Agrego: la autonomía del fútbol logró, ese día –y en los festejos dos días después– su autonomía más perfecta y acabada: la política no puede meterse, sino para hacer macanas. Rodríguez Larreta perdió las PASO después de usar la camiseta de la selección hasta para bañarse; Scaloni amenazó con renunciar después de que Tapia le pidiera una foto con Massa; Macri propuso una metáfora desopilante según la cual Milei es Messi porque el kirchnerismo es Maradona; el kirchnerismo propuso que Messi enfrentaba al poder porque le decía “bobo” al bobo de Weghorst; y así, ad nauseam.

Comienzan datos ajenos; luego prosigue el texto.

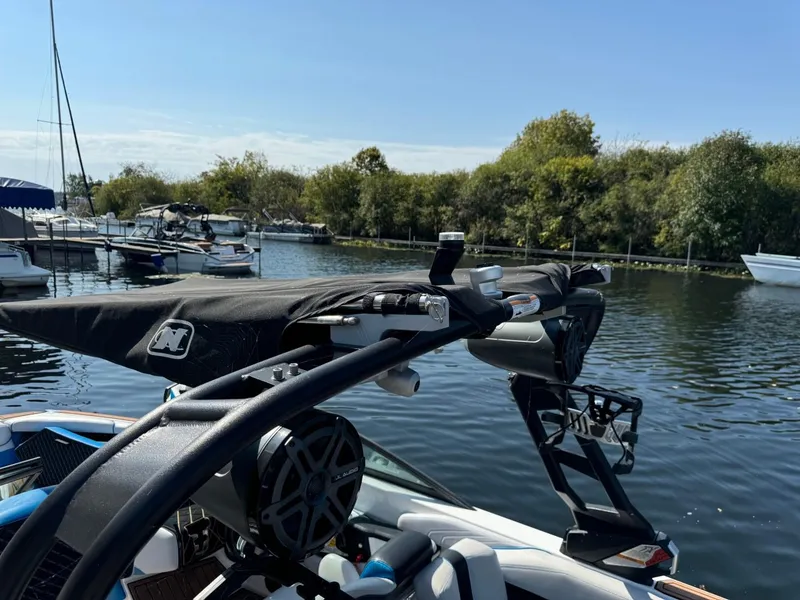Slide: The Image of 2018 Nautique Super Air Nautique GS24 docked in a scenic marina. - 48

9. La inflación en 1978 fue del 171,4% anual. En 1986, el Plan Austral todavía funcionaba, pero ya en 1987 hacía agua y conducía al pico hiperinflacionario de 1989, que llegó al 3079,5%. En diciembre de 2022, la variación anual ya era del 94%, pero por suerte, luego de ganar la Copa, subió hasta reventar en un 160,9% en noviembre de 2023 (datos del INDEC). Como se ve, ganar un Mundial produce tantos éxitos económicos (y consecuentemente, sociales, políticos y culturales) que podríamos prohibir el fútbol profesional en toda la Argentina y desafiliarnos de la FIFA. O bancarnos las consecuencias: ganar una Copa produce efectos deplorables.
10. Siempre nos quedará ese momento feliz.